Here’s what else is happening today:
Joe Biden doesn’t believe the House is winnable for Democrats, nor that there’s enough support for a measure to codify abortion rights into law.
The Senate plans to vote on a measure to codify same-sex marriage rights this week, after a conservative supreme court justice raised the possibility of the court reconsidering its ruling establishing the rights.
The January 6 committee is cleared to access the phone records of Arizona’s Republican party chair after the supreme court quashed a challenge to the lawmakers’ subpoena.
Mo Brooks was once one of Donald Trump’s closest allies, but has since joined the ranks of those who have fallen out with the former president.
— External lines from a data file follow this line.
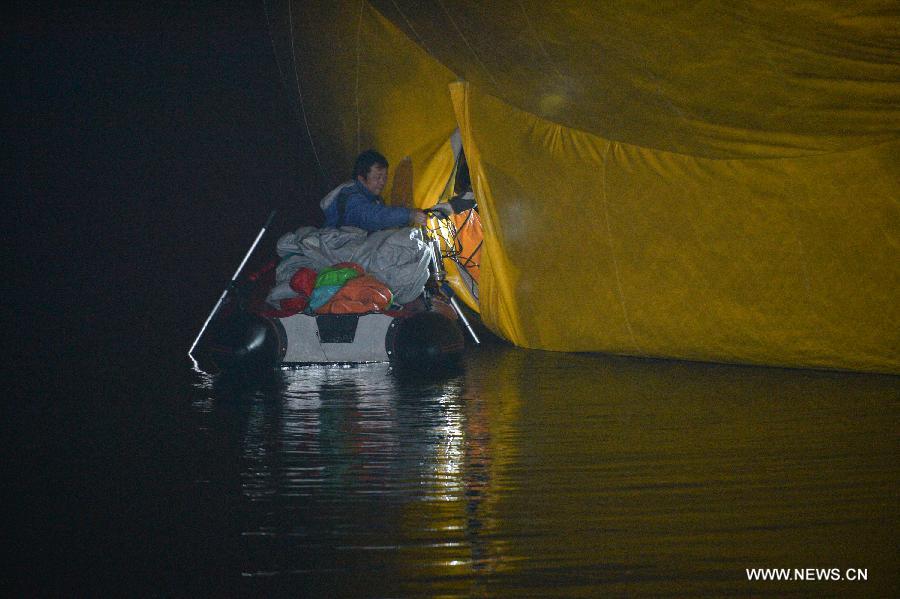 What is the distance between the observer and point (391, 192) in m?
8.37

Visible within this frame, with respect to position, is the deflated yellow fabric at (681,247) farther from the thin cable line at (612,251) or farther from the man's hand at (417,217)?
the man's hand at (417,217)

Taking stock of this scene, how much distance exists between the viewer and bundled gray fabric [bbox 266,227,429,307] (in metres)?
6.36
The Alabama Republican congressman will retire at the end of this year, and in an interview with AL.com called on the party to dump the former president.
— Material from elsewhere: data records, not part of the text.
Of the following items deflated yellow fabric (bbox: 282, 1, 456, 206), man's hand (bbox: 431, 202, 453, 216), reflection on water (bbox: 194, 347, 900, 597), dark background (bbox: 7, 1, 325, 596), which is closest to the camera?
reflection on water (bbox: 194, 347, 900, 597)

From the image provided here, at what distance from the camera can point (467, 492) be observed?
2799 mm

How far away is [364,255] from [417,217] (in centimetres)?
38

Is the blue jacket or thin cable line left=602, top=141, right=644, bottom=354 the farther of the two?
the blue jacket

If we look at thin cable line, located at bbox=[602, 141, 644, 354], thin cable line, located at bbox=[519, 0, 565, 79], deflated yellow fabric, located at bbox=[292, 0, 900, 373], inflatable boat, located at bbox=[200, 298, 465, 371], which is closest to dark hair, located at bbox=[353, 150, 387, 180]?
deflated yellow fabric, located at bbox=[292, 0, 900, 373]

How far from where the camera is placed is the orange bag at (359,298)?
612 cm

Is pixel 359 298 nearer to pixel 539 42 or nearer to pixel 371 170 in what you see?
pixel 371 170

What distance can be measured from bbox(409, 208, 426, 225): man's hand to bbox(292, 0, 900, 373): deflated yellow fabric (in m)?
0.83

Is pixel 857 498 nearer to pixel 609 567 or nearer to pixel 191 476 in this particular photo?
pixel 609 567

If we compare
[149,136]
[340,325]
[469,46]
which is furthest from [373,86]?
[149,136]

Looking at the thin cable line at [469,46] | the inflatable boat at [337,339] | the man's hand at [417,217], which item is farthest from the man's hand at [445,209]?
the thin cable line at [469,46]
“It would be a bad mistake for the Republicans to have Donald Trump as their nominee in 2024,” said Brooks, who was the first congressman to object to the certification of the 2020 election. “Donald Trump has proven himself to be dishonest, disloyal, incompetent, crude and a lot of other things that alienate so many independents and Republicans. Even a candidate who campaigns from his basement can beat him.”
The bad blood between the two men stems from Trump’s withdrawn endorsement of Brooks for Alabama’s Senate seat, which was won last week by Republican Katie Britt. Brooks said Trump asked him to remove Joe Biden from office and elevate the ex-president back to power, which the congressman told him was illegal.
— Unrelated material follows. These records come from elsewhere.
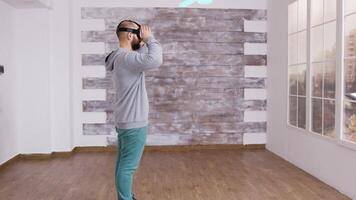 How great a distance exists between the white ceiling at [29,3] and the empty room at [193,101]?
1.4 inches

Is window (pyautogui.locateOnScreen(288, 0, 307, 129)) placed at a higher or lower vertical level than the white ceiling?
lower

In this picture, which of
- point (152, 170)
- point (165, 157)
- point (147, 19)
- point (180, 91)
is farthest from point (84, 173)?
point (147, 19)

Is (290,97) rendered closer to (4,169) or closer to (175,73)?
(175,73)

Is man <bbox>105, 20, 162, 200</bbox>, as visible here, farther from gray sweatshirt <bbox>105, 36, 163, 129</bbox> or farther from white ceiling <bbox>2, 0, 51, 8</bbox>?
white ceiling <bbox>2, 0, 51, 8</bbox>

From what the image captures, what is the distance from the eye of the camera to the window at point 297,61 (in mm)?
4801

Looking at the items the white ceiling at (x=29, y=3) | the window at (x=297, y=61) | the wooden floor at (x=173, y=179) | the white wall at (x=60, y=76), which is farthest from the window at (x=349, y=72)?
the white wall at (x=60, y=76)

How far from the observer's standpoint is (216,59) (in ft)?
20.4

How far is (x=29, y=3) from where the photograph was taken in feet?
16.9

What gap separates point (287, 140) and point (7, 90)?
3.51 metres

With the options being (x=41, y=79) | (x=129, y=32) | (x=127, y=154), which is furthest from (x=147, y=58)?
(x=41, y=79)

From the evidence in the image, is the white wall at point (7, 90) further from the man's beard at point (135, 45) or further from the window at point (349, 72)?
the window at point (349, 72)

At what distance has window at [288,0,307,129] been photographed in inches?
189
The Guardian’s Hugo Lowell reports on a new justice department filing in the Mar-a-Lago case, which claims Donald Trump kept classified documents at the resort, even after he left the White House:
Donald Trump retained documents bearing classification markings, along with communications from after his presidency, according to court filings describing the materials seized by the FBI as part of the ongoing criminal investigation into whether he mishandled national security information.
The former US president kept in the desk drawer of his office at the Mar-a-Lago property one document marked “secret” and one marked “confidential” alongside three communications from a book author, a religious leader and a pollster, dated after he departed the White House.
The mixed records could amount to evidence that Trump wilfully retained documents marked classified when he was no longer president as the justice department investigates unauthorised possession of national security materials, concealment of government records, and obstruction.
Mike Pence will on Tuesday release a memoir detailing his time in the Trump White House, and Martin Pengelly takes a look at what the former vice president reveals:
In his new book, Donald Trump’s vice-president, Mike Pence, protests his loyalty to his former boss but also levels criticisms that will acquire new potency as Trump prepares to announce another presidential run and the Republican party debates whether to stay loyal after disappointment in last week’s midterm elections.
According to Pence, Trump mishandled his response to a march staged by neo-Nazis in Charlottesville in August 2017, a costly error that Pence says could have been avoided had Pence called Trump before a fateful press conference in which Trump failed to condemn “the racists and antisemites in Charlottesville by name”.
Also in Pence’s judgment, “there was no reason for Trump not to call out Russia’s bad behaviour” early in his term while beset by investigations of Russian election interference on Trump’s behalf and links between Trump and Moscow.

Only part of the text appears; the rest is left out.